Source material START

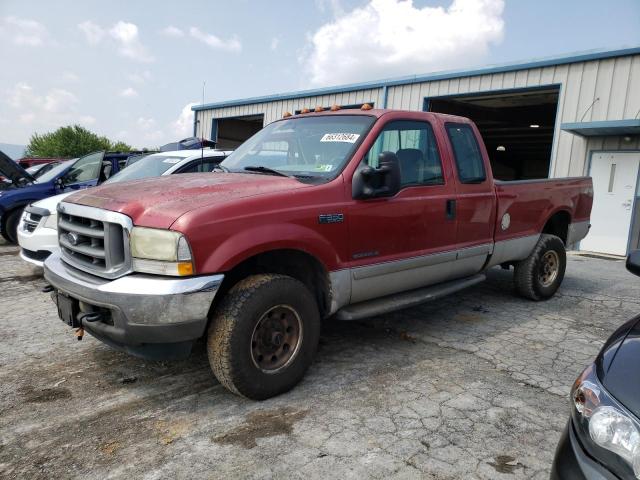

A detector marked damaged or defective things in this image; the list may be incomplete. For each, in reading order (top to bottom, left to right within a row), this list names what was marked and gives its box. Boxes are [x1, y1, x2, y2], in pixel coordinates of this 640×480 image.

rusty wheel [250, 306, 302, 374]
cracked pavement [1, 237, 640, 480]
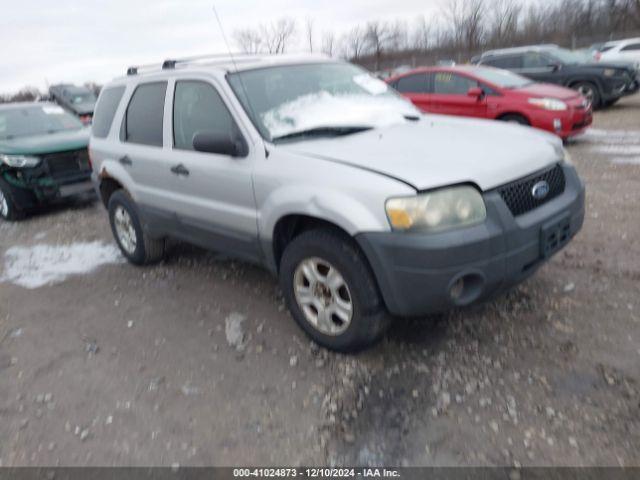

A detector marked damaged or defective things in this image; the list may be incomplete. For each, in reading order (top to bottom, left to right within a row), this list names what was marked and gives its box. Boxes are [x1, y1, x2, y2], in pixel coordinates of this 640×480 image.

green damaged vehicle [0, 102, 94, 221]
damaged hood [282, 115, 564, 191]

Source material END

Please give every line above again word for word, apart from the pictures.

• Answer box:
A detector marked damaged or defective things in this image; the list may be incomplete. For each, in reading order (top to bottom, left to right within a row), this list names what was marked and gives its box. Boxes are [x1, y1, x2, y2], in pixel coordinates of this 640×480 image.

rusty wheel [250, 306, 302, 374]
cracked pavement [1, 237, 640, 480]

A detector marked damaged or defective things in this image; the list may be incomplete. For each, in reading order (top to bottom, left to right within a row), this list names what was marked and gives its box. Boxes are [x1, y1, x2, y2], in pixel coordinates of this 640×480 image.

green damaged vehicle [0, 102, 94, 221]
damaged hood [282, 115, 564, 191]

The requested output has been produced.